Campus-Only Access for Five (5) Years

Document Type

dissertation

Degree Name

Doctor of Philosophy (PhD)

Degree Program

Electrical and Computer Engineering

Year Degree Awarded

2023

Month Degree Awarded

February

First Advisor

Ramakrishna Janaswamy

Second Advisor

Robert W. Jackson

Third Advisor

Marco Duarte

Fourth Advisor

Pamela Loring

Subject Categories

Electromagnetics and Photonics | Signal Processing

Abstract

Antenna arrays are applied widely in our everyday life, they play an important role in satellite communication, self-driving car, radar and so on. In this dissertation, we will apply antenna array techniques to track movement of the birds as well as estimate locations of RF emitters.

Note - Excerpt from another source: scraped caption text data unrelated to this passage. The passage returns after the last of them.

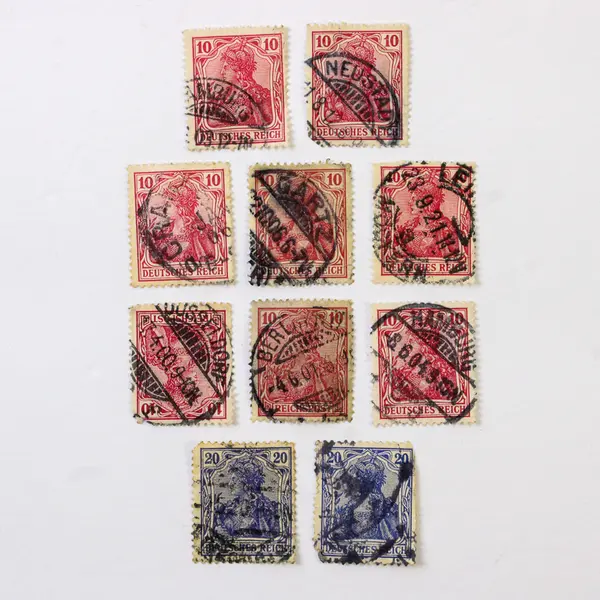 Lot Of 10 Germany Deutsches Reich Germania 10 Pfennig 20 Pfennig Stamps Used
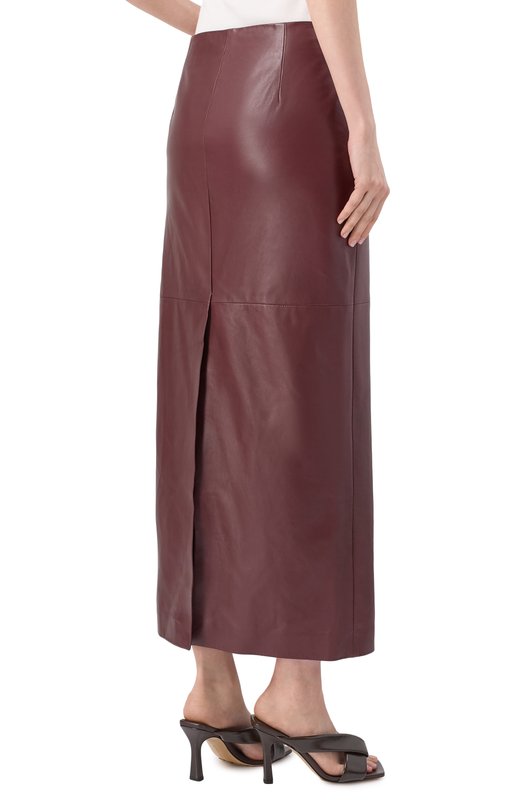 Кожаная юбка Brunello Cucinelli MPNGPG3891 Бордовый  MPNGPG3891 Фото 4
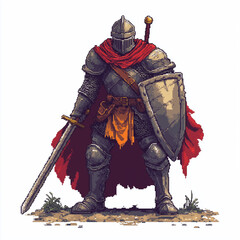 8-bit pixel-style video game knight design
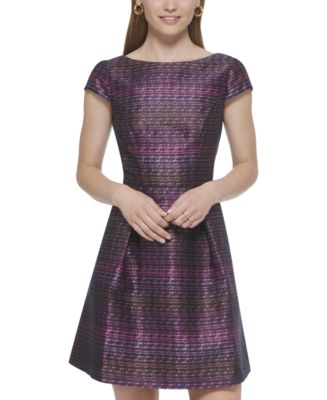 Vince Camuto Women's Vince Camuto Metallic Jacquard Fit & Flare Dress Black Size 10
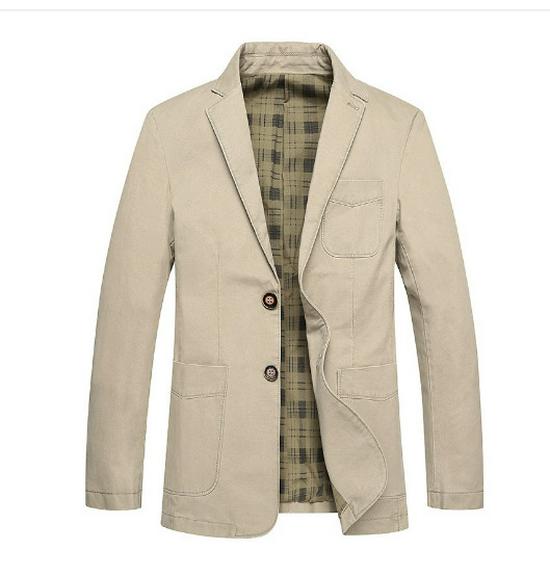 Men's Plus Size Cotton Blazer Jacket - Korean Style Spring/Autumn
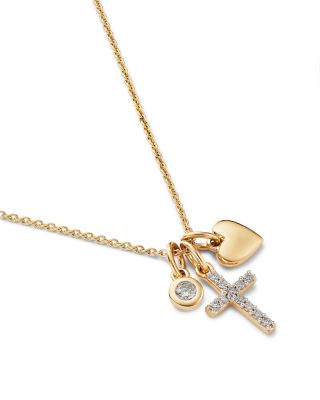 Cross, Heart and Diamond Charm Necklace in 14K Yellow Gold, 0.15 tcw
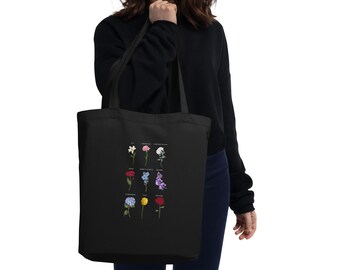 Flower Symbolism Tote | Botanical Canvas Bag | Grief Gift for Healing | End of Life Doula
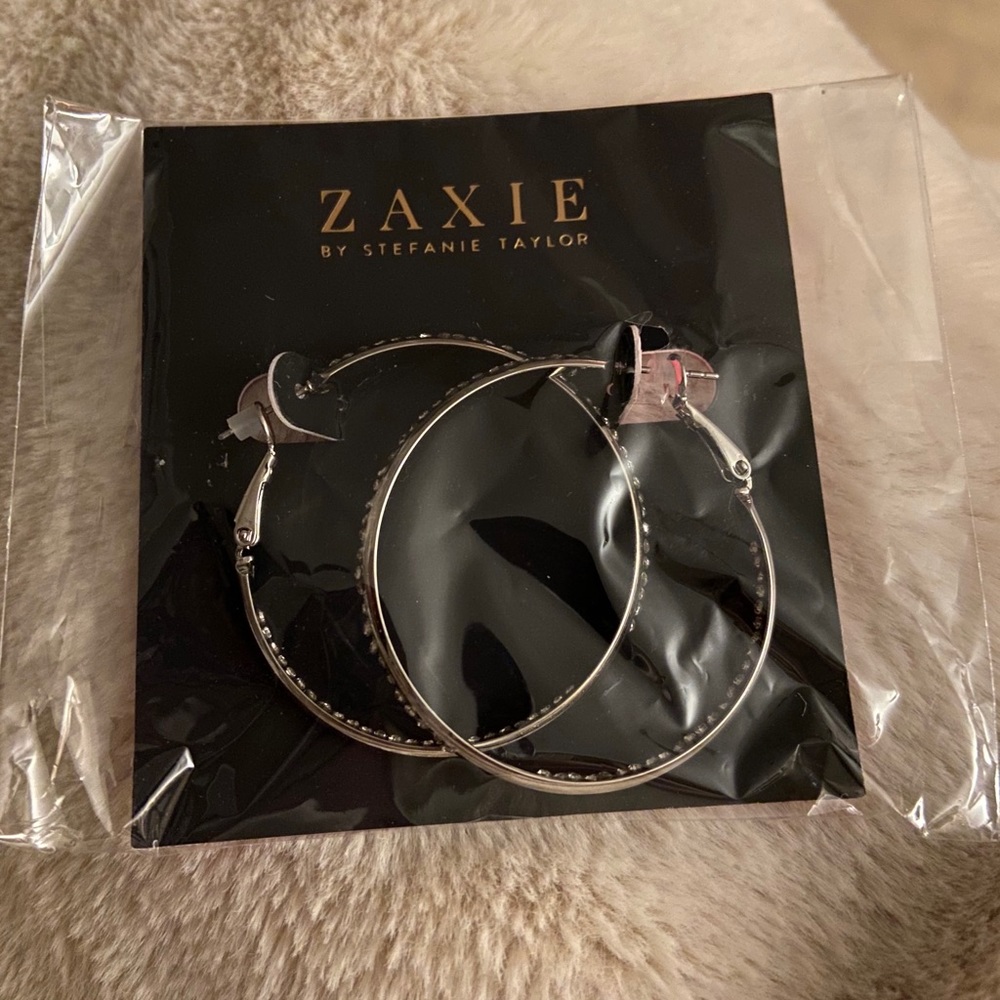 NWT Zaxie by Stefanie Taylor CZ hoop earrings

In the first part, an antenna array is deployed to track the movement of birds. We implemented a static method which ignores the interrelation between detection samples and a dynamic method which includes the movement model and measurement model to track the bird. The movement model describes the change in bird's position with respect to time and the measurement model links the observed measurement to the bird's position to improve prediction. In the movement model, several parameters are used to describe the movement of the avian target. However the values of these parameters are difficult to estimate because they are dependent on many factors, such as the species of the bird, the weather condition, the flying area and so on. In order to estimate the values of these parameters, one method which is based on the maximum likelihood estimation is proposed in this dissertation. With the measurement model, the prior estimate for the bird from the movement model can be updated with the given measurement. However the measurement is corrupted with the environment noise and subject to device non-linearities. This will introduce errors in the position we want to estimate. In this dissertation, an unscented transformation is used in a Kalman filter to predict and update the estimation of the bird’s position for improving the prediction accuracy.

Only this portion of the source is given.